【日記】R040711 翔太が語る「夢っぽい感じ」の行方

『翔太と猫のインサイトの夏休み』第一章の冒頭で、翔太は、「何度も『夢から醒める』という経験を繰りかえす」という夢を見る。彼は、あらためて夢から醒めた後でも「これは夢なのではないか?」という疑いを自分じしんに投げかけて、どうやら夢ではないようだと感じるが、それに対してインサイトは「どうして夢ではないのか?」と疑問を投げかける。

 翔太がその答えとして明示的に述べる理由は、4つある。
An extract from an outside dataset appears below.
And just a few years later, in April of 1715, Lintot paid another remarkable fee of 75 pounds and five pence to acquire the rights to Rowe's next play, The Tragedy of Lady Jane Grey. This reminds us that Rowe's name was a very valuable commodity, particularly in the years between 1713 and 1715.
結論から言うと、以下の理由はすべてインサイトから「だからと言って『これ』が夢ではないとは言えない」とされることである。
①「夢っぽい『感じ』」がしない。
②「これは夢なんじゃないか?」と何度も疑ってみて「違う」と確信できるような夢をこれまで見たことがない。
③頬をつねったり人に話しかけたりして「夢ではない」と確かめた上で「やっぱり夢だった」という経験が、これまでにない。
④夢のなかの自分は、毎回違う自分で記憶が連続していないが、いま翔太である自分は記憶が連続している。
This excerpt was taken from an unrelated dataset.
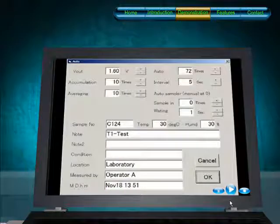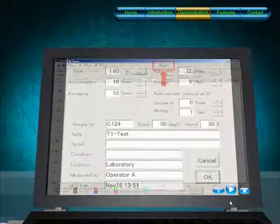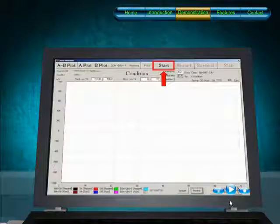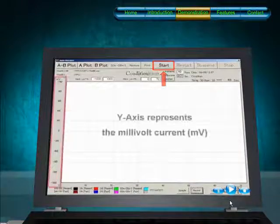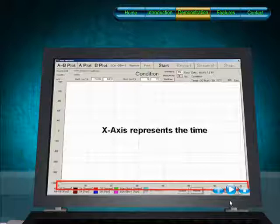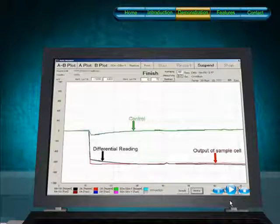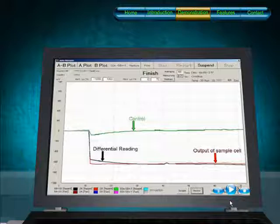Here we input the appropriate parameter settings. Measurement begins now. The Y axis represents the millivolt current, while the X axis represents the time. The output of the sample cell is shown as the red line, while the green line represents the control. The differential reading is reflected as the black line.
 インサイトが上述の理由を理由として認めないのは、基本的にはそれでも①~④のような内容を備えた夢をみることはありうることだからだ。

しかし、ここでインサイトは「そういうわけだから、これは夢かもしれないんだ」ということが言いたいわけではない。インサイトは、むしろ、夢の本質を「眠っている間に見ること」として、これに「眠っている間には自分が眠っていると気づくことができない」と注釈をつけることで、「夢のなかで『これは夢なんだ』と気づくことはできない」と論じる。そして、続く議論の流れとしては、どうやっても気づくことができないような「真実」を語ることはできず、そのことから「これは夢なんだ」という文には意味がないことになり、そうであるかもしれないとも言えなくなる。
 
 けれども、先に進む前に私が疑問に覚えるのは、「それなら翔太がその前に述べていた『夢っぽさ』の方はどうなるのだろう?」ということである。翔太が「夢っぽさ」として認識していた性質を欠いていても、「寝ている間にみること」という「夢」の本質を欠いているかどうかとは関連がない、というのがインサイトの議論であるように思える。逆に言うと、夢の内容として、翔太が認識していた「夢っぽい/現実っぽい」の基準はまるごと残される。それは結局のところなんだったのだろう?

 関連がないということは、たとえば、次のようなことが考えられなくてはならない。①~④についてひとつひとつそういう夢がありうるかどうか考えるのではなくて、全ていちどきに成り立つような夢を考えてみるのである。つまり、①真実らしい「感じ」をまったく得られず、②「これは夢なのではないか?」と自問自答するたびにそうであるとしか思えず、③自らの頬つねってもそれらしい感覚がなくて他人に話しかけても意味がある言葉を返さず、④以前の自分の記憶が存在しない――ような夢を見ることがありえなくてはならない。

 だが、どんな夢を見ればそれらの条件を満たすような夢を見たことになるのか? そんな夢を見ること自体が難しいのではないだろうか? 翔太が認識していた「夢っぽい/現実っぽい」の基準は、そういう名づけが不当なものであるとすれば、いったい何の基準だったことになるのだろう?